Ich habe das jahrelang gemacht (Hugs). Davor Miranda auf Solaris.


----------



## Landei (24. Jun 2011)

Wäre es vielleicht eine gute Idee, neben der Script-Ecke auch ein Unterforum für funktionale Sprachen zu haben? Natürlich ist mir klar, dass das hier ein Java-Forum ist (wie ich messerscharf aus dem Namen geschlossen habe). Aber für funktionale Sprachen lässt sich kaum ein deutschsprachiges Forum finden, das gut besucht und technisch auf der Höhe ist, zumal wir ja schon Clojure und Scala "im Angebot" haben.


----------



## Antoras (24. Jun 2011)

Landei hat gesagt.:


> [...]zumal wir ja schon Clojure und Scala "im Angebot" haben.

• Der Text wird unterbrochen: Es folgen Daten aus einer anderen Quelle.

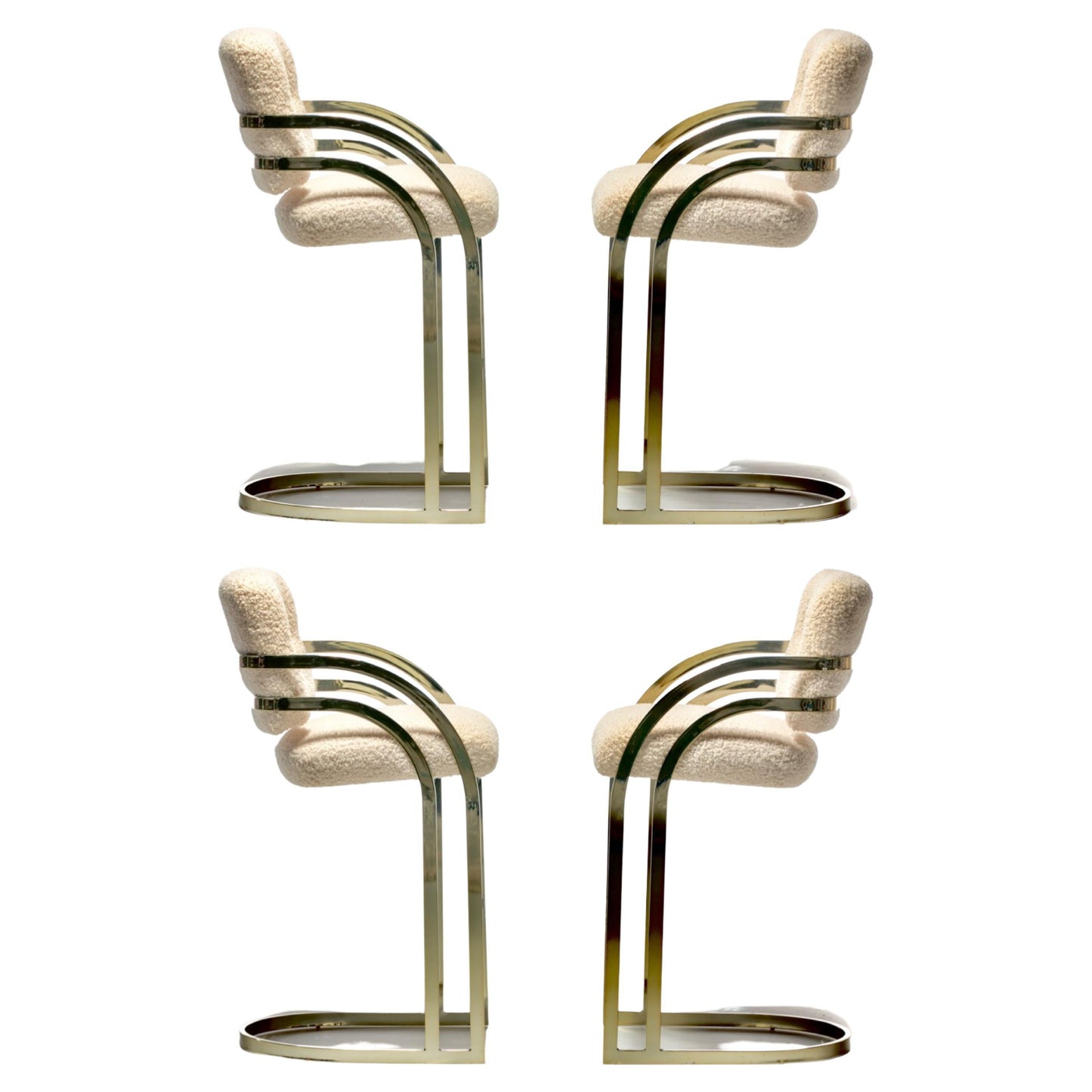 Set of 4 Design Institute of America Brass Stools in the Style of Milo Baughman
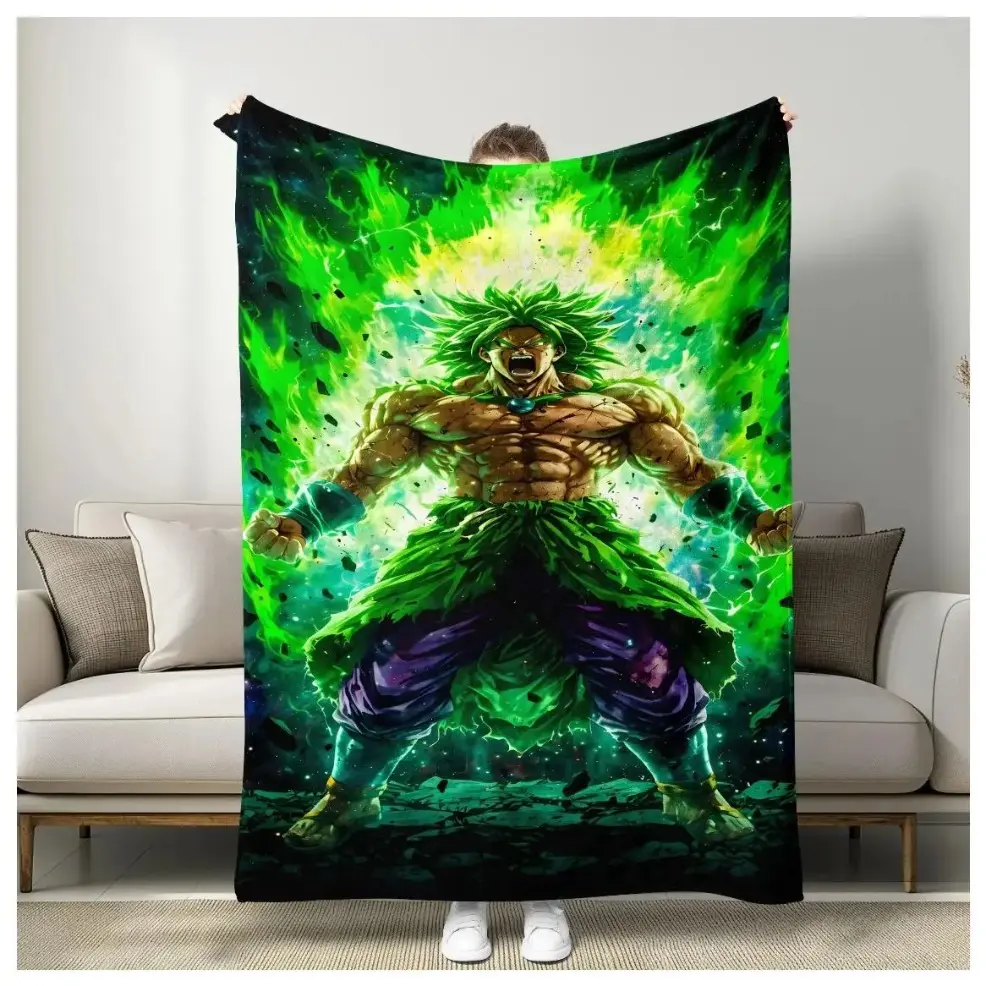 Ultra Form Battle Themed Flannel Blanket,Baby blankets and adult blankets  Dark Starry Sky & Bursting Flame, Muscle‑Defined Warrior Figure Precision Design, Cozy Warm Throw Blanket for Anime Style Fans, Birthday Christmas Holiday Gifts Home Decor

Zu denen vllt. ein mal pro Woche etwas gepostet wird...


----------



## Landei (24. Jun 2011)

Das ist immer noch häufiger als Haskell-Posts bei jammni (über die Foren-Technik dort will ich mich gar nicht auslassen).


----------



## Haave (24. Jun 2011)

Find ich keine schlechte Idee. Und das News-Forum gibt's ja auch, obwohl da nicht bombe viel passiert.


----------